• _Working data_:
# # # #
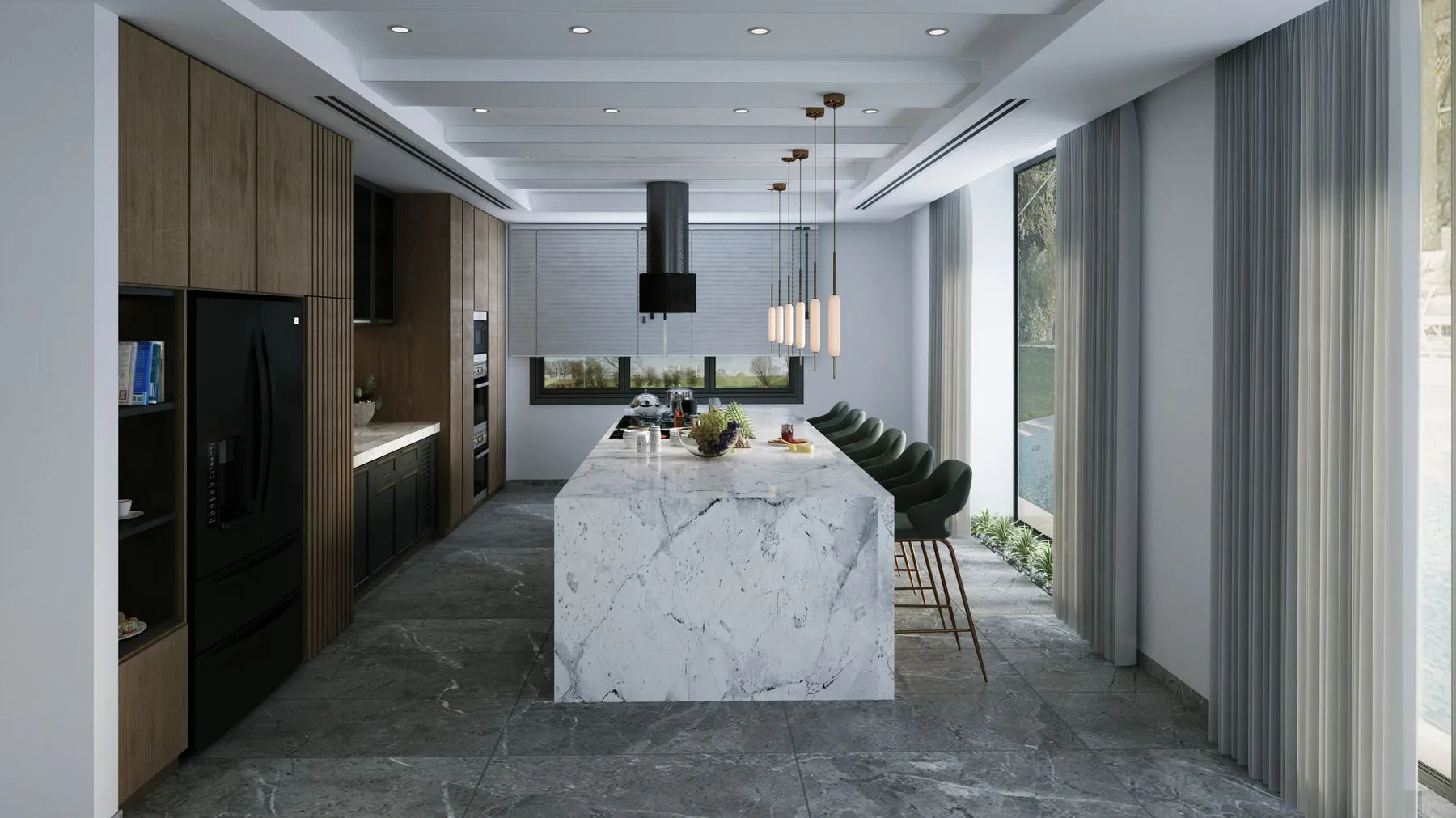 Pendant lights above a kitchen island in a bright interior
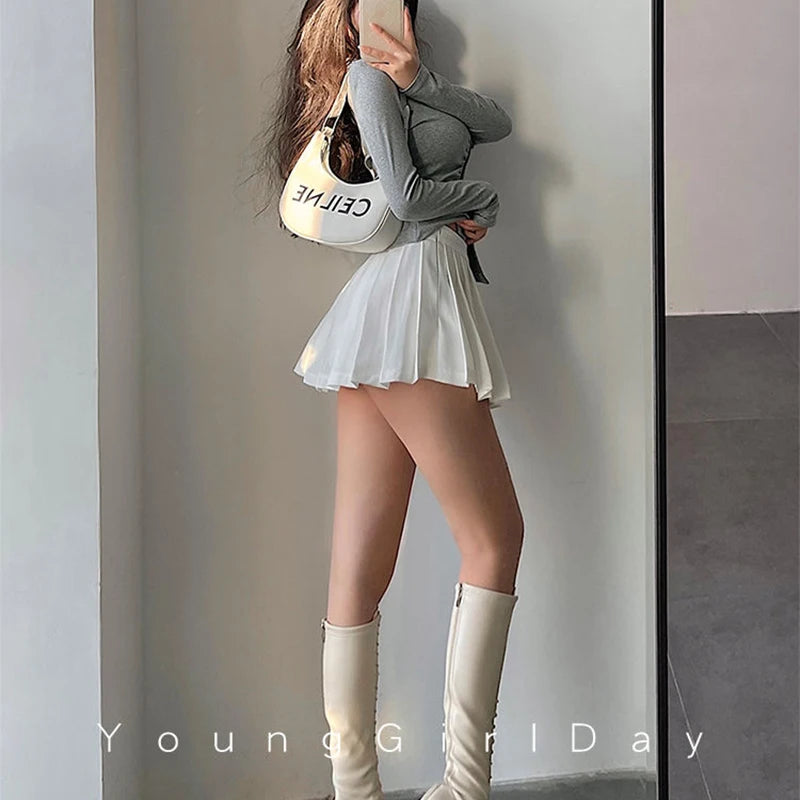 ZOKI Pleated Skirt with Shorts Women Sexy High Waist Irregular White Black A-line Gyaru Tennis extreme Mini Skirt School
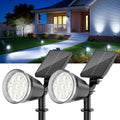 Solar Spot Lights Outdoor Cool White, 1000LM Big Adjustable Solar Lights Outdoor Waterproof, 2-in-1 Bright Solar Powered Spotlights Landscape Lighting for Garden, Yard, Pathway, Tree, Flag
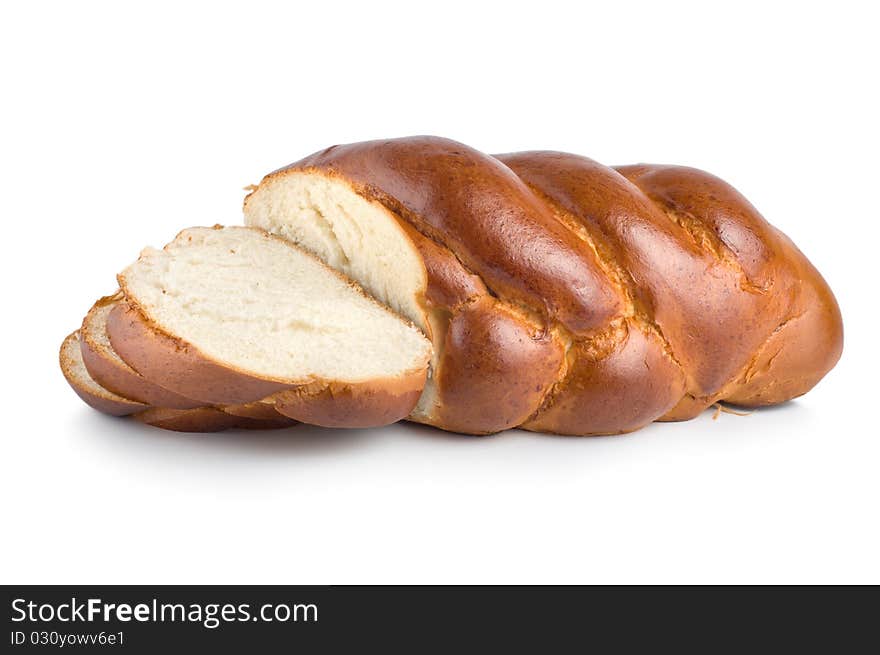 A bread isolated on a white background. A bread isolated on a white background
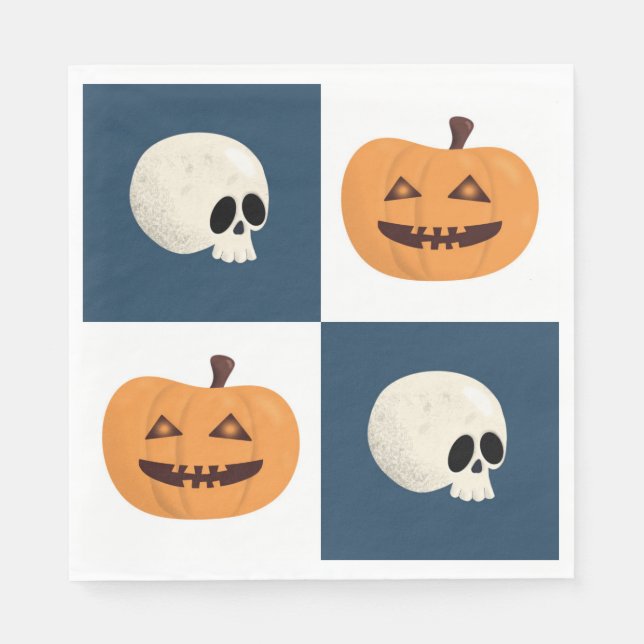 Skulls and Pumpkins Checks Napkin (Front)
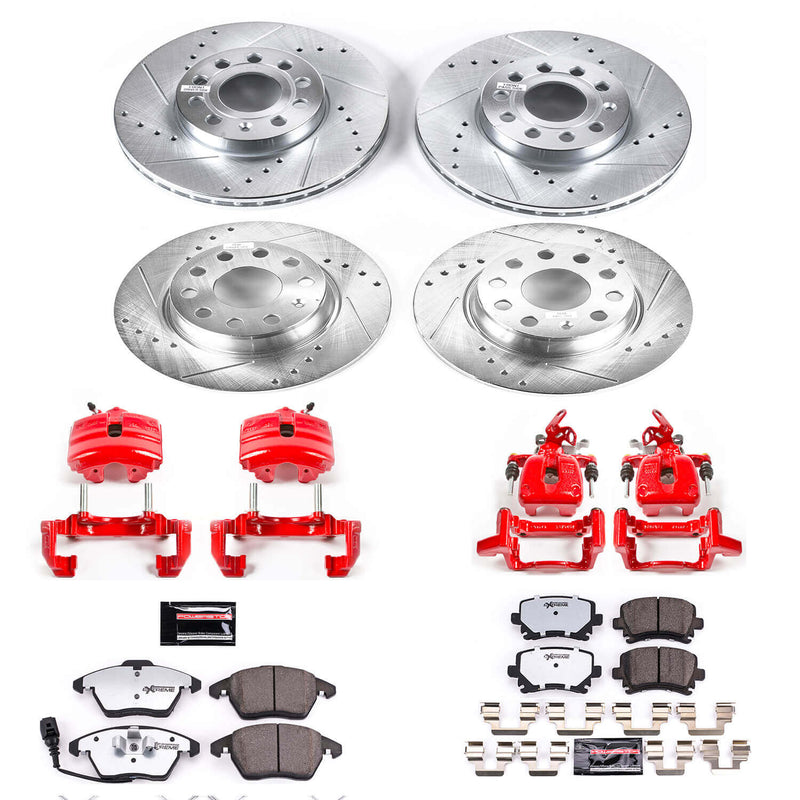 Power Stop KC7837-26 Z26 Street Warrior 1-Click Front And Rear Brake Kit With Calipers for 2010 Volkswagen Golf Base product image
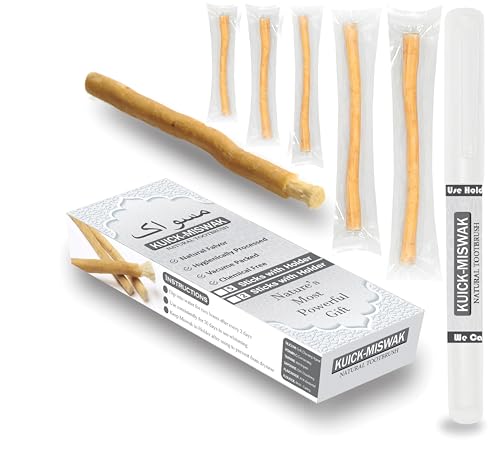 Natural Maswak Stick | Pack of 05 | Chewable Toothbrush | Organic Teeth Cleaning & Whitening | Natural Tooth Brush | Oral Care & Healthy Gums مسواك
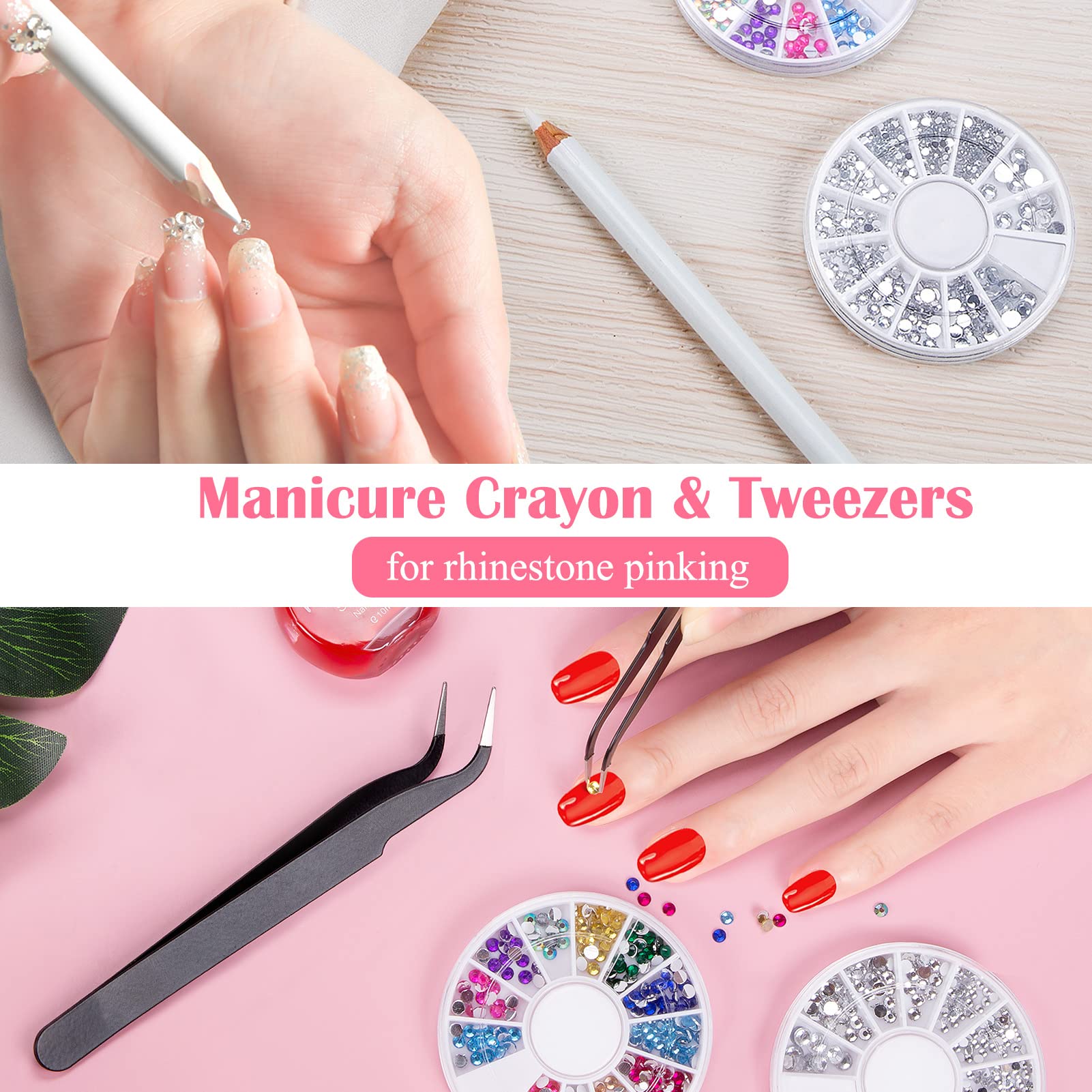 Kiiwah Kit de 31 Pièces Nail Art Design, 15 Pinceau à Ongles, 5 Dotting Pens, 2 Boîtes Ongles Strass, 10 Striping Tape et Feuille de Or & Argent pour Manucure Professionnel Femmes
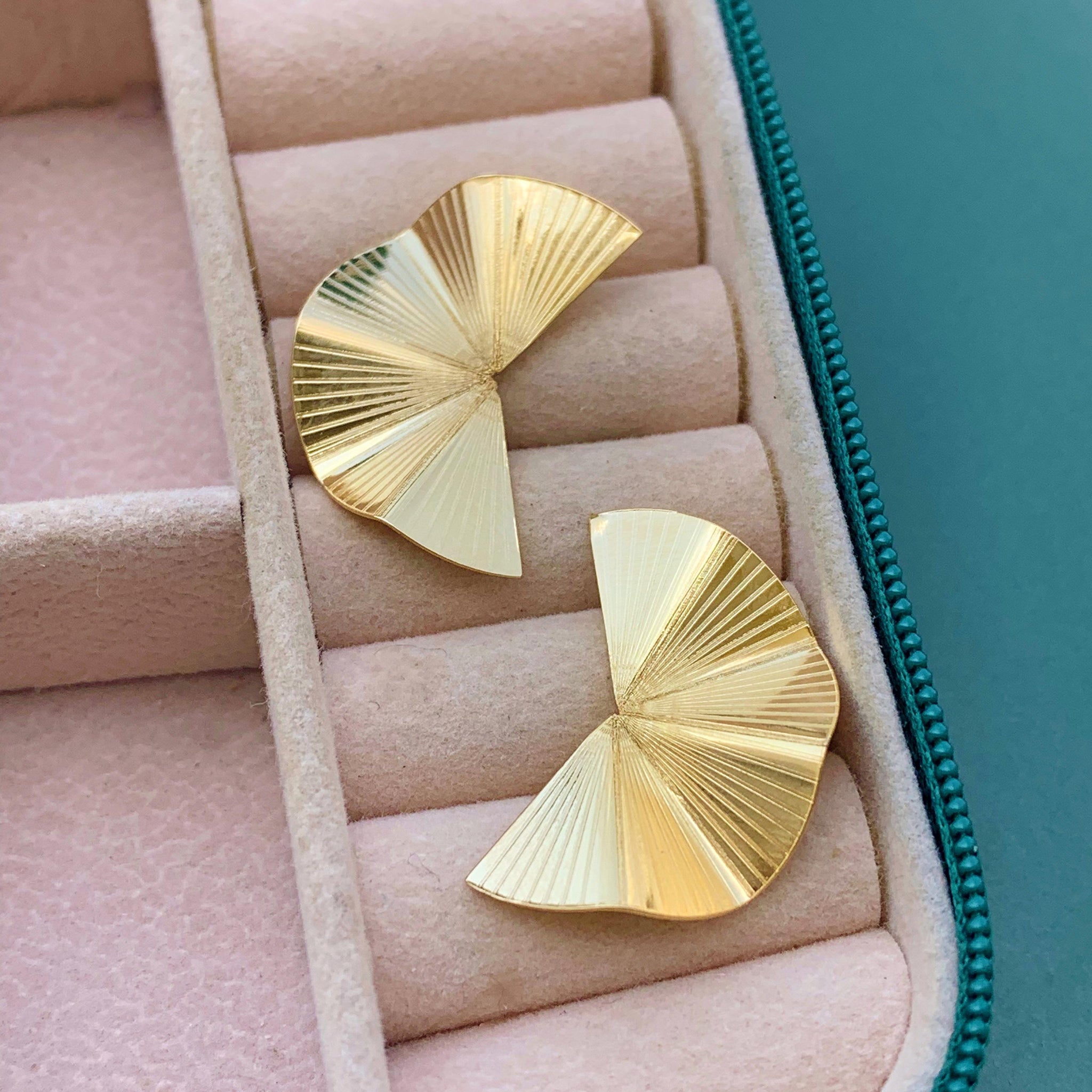 Brinco Leque Folheado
# # # #
• _Instructions to follow_: The required output is each record above, reproduced exactly, without its pictures.

• _Answer section_:
 Pendant lights above a kitchen island in a bright interior
 ZOKI Pleated Skirt with Shorts Women Sexy High Waist Irregular White Black A-line Gyaru Tennis extreme Mini Skirt School
 Solar Spot Lights Outdoor Cool White, 1000LM Big Adjustable Solar Lights Outdoor Waterproof, 2-in-1 Bright Solar Powered Spotlights Landscape Lighting for Garden, Yard, Pathway, Tree, Flag
 A bread isolated on a white background. A bread isolated on a white background
 Skulls and Pumpkins Checks Napkin (Front)
 Power Stop KC7837-26 Z26 Street Warrior 1-Click Front And Rear Brake Kit With Calipers for 2010 Volkswagen Golf Base product image
 Natural Maswak Stick | Pack of 05 | Chewable Toothbrush | Organic Teeth Cleaning & Whitening | Natural Tooth Brush | Oral Care & Healthy Gums مسواك
 Kiiwah Kit de 31 Pièces Nail Art Design, 15 Pinceau à Ongles, 5 Dotting Pens, 2 Boîtes Ongles Strass, 10 Striping Tape et Feuille de Or & Argent pour Manucure Professionnel Femmes
 Brinco Leque Folheado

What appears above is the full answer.